Violences sexuelles : de quoi sont accusés les cinéastes Benoît Jacquot et Jacques Doillon, tous les deux placés en garde à vue ?

Article rédigé par Catherine Fournier - avec AFP
France Télévisions
Publié Mis à jour
Temps de lecture : 10min
A gauche, le réalisateur Benoît Jacquot à New York, le 6 mars 2015 ; à droite, le cinéaste Jacques Doillon à Angoulême, le 25 août 2021. (JASON CARTER RINALDI / GETTY IMAGES NORTH AMERICA / AFP / YOHAN BONNET / AFP)
Les réalisateurs, âgés respectivement de 77 ans et 80 ans, font l'objet de plaintes de plusieurs actrices, dont Judith Godrèche et Isild Le Besco. Les deux hommes contestent les faits.

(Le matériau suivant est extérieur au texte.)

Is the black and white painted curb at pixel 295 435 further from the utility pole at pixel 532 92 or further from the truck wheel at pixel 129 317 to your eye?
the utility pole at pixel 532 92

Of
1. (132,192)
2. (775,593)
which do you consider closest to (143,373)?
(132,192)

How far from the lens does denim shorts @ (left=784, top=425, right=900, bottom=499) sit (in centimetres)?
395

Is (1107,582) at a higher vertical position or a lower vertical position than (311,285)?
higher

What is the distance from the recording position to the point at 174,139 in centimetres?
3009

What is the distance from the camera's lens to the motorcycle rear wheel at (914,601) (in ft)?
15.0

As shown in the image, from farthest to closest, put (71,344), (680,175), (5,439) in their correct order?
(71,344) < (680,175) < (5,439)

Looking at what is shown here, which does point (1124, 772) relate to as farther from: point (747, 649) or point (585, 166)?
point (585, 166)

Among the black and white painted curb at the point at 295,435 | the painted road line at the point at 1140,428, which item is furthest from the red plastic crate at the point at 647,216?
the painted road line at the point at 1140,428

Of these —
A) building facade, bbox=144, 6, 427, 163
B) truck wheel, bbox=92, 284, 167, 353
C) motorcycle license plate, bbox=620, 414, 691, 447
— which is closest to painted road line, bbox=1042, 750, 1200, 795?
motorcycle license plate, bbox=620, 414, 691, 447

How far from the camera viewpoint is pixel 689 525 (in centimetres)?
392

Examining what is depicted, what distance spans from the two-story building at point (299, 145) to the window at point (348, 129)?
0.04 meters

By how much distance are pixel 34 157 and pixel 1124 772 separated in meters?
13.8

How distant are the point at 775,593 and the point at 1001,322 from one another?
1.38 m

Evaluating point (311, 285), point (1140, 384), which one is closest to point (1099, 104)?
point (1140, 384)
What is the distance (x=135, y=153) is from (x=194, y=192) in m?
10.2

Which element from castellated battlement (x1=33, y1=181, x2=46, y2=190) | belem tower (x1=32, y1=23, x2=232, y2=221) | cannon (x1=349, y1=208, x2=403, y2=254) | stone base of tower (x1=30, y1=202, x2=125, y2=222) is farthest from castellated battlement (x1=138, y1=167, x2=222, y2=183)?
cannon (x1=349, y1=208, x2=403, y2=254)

Ils sont arrivés lundi 1er juillet vers 9h30 à la direction régionale de la police judiciaire à Paris. Les cinéastes Benoît Jacquot, 77 ans, et Jacques Doillon, 80 ans, accusés de violences sexuelles par plusieurs actrices, ont été placés en garde à vue à la brigade de protection des mineurs. Jacques Doillon a été relâché sans poursuites mardi soir, a annoncé son avocate, Marie Dosé, à l'AFP. La garde à vue de Benoît Jacquot a été levée mercredi à 9h30 et il est en cours de défèrement, a appris franceinfo auprès de son avocate, Julia Minkowski. Il devrait être présenté dans la matinée ou l'après-midi à un juge d'instruction en vue de son éventuelle mise en examen. 

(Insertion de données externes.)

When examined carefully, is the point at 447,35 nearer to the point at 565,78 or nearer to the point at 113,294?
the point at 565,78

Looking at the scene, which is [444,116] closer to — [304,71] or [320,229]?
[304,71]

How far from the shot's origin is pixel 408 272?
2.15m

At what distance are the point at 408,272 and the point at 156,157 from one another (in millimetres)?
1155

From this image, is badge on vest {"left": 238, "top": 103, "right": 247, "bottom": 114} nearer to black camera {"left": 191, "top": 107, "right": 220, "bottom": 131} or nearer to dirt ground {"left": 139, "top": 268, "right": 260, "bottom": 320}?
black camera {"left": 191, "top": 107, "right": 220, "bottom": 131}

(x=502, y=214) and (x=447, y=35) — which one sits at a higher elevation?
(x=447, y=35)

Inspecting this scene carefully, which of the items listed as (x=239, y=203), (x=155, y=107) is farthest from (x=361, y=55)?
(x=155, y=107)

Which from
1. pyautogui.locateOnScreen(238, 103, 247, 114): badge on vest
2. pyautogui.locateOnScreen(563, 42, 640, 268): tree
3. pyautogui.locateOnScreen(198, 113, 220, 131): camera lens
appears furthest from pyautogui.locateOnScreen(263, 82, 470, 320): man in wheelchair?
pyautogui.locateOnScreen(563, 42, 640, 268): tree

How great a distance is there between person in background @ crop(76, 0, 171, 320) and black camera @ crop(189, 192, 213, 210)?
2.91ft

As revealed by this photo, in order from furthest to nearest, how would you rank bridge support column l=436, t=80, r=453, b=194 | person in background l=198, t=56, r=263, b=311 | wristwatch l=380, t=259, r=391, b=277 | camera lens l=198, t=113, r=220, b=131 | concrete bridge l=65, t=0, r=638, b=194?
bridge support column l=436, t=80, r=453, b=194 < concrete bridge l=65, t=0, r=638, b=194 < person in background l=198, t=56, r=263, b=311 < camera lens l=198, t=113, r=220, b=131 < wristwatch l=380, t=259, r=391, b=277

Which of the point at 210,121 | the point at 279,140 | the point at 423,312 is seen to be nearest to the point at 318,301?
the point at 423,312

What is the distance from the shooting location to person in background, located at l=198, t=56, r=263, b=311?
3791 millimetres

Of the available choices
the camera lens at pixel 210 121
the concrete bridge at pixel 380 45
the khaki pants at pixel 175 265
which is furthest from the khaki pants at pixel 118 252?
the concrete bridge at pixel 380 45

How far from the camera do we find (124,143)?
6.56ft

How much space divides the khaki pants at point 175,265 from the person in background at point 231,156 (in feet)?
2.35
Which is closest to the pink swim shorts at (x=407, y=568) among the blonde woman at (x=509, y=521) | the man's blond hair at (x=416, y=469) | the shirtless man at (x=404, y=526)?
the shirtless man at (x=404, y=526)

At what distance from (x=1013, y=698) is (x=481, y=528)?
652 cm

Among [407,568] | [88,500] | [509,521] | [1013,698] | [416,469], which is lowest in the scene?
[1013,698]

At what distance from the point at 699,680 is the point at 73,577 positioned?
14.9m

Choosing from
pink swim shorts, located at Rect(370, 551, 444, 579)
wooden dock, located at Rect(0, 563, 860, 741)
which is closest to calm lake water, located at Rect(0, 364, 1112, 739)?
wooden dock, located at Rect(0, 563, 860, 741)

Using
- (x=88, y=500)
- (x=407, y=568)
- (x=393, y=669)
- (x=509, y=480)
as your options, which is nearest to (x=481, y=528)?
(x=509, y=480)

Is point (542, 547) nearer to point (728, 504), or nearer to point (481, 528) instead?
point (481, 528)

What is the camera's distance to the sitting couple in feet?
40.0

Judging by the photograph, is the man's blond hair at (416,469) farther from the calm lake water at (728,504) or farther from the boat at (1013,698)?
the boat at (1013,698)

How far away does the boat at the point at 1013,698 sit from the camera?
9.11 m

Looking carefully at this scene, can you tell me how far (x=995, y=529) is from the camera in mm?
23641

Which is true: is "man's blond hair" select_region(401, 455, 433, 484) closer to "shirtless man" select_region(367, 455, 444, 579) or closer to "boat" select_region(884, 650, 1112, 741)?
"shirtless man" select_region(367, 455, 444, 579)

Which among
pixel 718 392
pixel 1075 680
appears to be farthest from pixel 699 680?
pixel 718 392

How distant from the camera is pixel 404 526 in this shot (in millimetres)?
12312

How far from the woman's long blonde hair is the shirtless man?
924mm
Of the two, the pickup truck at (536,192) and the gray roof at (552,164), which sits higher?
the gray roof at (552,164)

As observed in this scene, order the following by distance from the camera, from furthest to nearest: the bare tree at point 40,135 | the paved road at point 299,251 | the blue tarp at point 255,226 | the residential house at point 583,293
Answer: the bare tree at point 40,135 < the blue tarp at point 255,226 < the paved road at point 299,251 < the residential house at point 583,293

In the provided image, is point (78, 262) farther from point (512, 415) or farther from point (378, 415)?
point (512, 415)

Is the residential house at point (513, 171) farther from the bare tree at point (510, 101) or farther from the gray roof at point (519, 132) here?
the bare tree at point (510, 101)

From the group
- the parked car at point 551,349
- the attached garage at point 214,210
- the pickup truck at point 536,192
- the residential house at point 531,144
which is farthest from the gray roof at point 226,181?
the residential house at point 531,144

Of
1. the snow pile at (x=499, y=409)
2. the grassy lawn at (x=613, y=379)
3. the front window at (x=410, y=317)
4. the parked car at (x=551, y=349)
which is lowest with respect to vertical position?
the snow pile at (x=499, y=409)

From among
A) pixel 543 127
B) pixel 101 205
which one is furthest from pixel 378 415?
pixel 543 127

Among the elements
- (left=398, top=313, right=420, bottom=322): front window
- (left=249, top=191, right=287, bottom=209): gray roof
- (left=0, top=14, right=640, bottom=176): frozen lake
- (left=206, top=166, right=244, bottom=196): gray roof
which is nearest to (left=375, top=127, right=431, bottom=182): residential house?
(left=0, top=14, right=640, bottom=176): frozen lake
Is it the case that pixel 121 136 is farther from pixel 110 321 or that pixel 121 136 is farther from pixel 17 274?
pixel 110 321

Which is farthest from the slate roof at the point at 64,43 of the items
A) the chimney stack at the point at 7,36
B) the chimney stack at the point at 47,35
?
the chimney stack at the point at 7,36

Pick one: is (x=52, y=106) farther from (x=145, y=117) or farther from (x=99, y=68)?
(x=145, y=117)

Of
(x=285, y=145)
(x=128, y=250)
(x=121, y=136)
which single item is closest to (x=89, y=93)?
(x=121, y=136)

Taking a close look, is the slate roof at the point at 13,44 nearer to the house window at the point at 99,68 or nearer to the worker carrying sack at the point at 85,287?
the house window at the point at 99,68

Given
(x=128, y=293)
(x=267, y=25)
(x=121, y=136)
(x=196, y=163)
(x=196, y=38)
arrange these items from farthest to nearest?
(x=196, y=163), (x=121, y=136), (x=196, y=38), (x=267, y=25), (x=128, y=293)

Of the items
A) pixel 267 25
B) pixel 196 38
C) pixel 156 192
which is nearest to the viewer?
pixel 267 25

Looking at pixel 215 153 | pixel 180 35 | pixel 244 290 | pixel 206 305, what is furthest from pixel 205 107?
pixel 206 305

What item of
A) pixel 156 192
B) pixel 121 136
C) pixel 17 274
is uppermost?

Une enquête avait été ouverte en février par le parquet de Paris, notamment pour viol sur mineur de 15 ans par personne ayant autorité, après la plainte de Judith Godrèche contre les deux réalisateurs. "Je pleure. (...) Je ne sais pas si j'ai la force mais je l'aurai. Je l'aurai, je l'aurai", a commenté la comédienne et réalisatrice sur Instagram lundi matin, suggérant une confrontation avec les gardés à vue. Sollicité par franceinfo, le parquet de Paris n'a pas confirmé cet élément. 

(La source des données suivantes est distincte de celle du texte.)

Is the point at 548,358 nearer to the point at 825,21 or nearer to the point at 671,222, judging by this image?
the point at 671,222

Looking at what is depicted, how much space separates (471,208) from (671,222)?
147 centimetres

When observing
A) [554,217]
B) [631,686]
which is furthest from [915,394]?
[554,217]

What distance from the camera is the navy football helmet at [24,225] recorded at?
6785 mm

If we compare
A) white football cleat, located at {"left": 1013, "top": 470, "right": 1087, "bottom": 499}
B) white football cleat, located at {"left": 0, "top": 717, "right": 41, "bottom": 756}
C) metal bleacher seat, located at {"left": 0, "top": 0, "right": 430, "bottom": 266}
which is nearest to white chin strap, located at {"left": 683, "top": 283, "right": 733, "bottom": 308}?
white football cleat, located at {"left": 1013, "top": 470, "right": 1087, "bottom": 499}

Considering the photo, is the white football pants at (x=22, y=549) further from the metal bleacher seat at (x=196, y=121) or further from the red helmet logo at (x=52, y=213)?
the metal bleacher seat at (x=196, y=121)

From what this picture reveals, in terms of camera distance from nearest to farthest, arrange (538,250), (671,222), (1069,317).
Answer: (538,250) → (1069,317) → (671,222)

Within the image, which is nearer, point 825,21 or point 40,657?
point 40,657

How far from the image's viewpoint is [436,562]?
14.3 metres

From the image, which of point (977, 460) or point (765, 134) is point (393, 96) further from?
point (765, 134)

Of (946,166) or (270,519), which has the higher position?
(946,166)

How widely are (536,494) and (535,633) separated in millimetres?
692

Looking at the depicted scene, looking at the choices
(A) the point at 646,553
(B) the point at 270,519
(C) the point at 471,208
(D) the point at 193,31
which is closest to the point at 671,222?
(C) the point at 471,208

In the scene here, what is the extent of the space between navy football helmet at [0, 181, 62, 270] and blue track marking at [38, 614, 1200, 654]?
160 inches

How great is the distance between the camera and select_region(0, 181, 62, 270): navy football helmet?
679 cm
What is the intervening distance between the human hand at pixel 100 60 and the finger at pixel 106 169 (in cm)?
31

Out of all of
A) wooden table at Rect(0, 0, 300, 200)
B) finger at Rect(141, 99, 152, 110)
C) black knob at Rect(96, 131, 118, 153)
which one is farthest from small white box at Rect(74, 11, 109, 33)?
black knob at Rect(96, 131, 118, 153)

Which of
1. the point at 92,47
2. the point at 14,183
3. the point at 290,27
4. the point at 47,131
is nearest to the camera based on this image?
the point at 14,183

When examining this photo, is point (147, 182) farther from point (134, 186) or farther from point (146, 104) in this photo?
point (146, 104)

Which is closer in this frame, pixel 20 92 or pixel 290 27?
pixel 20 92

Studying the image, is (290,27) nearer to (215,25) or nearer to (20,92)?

Une enquête pour "viol sur mineur"

Benoît Jacquot est le premier à avoir été accusé dans cette affaire. Un "long cheminement" pour Judith Godrèche, qui a commencé avec sa série French Icon of cinema, sortie en décembre 2023 sur Arte, dans laquelle elle évoque sans le nommer la relation d'"emprise" et de "perversion" entretenue avec le réalisateur de 1986 à 1992. En janvier, après avoir vu ressurgir une vidéo dans laquelle Benoît Jacquot affirme que cette relation "excitait beaucoup" l'actrice, alors âgée de "15 ans" quand lui en avait "40", Judith Godrèche décide de le dénoncer publiquement, puis de porter plainte.

Dans un entretien au Monde, l'actrice raconte son vécu, qu'elle compare à celui "d'enfants qui sont kidnappés (...) et qui n'arrivent pas à penser du mal de leur ravisseur". Assurant que leur histoire a débuté quand elle avait 14 ans et non 15, elle témoigne d'un rapport de domination, fait de violences psychologiques et physiques et de "rapports sexuels brutaux".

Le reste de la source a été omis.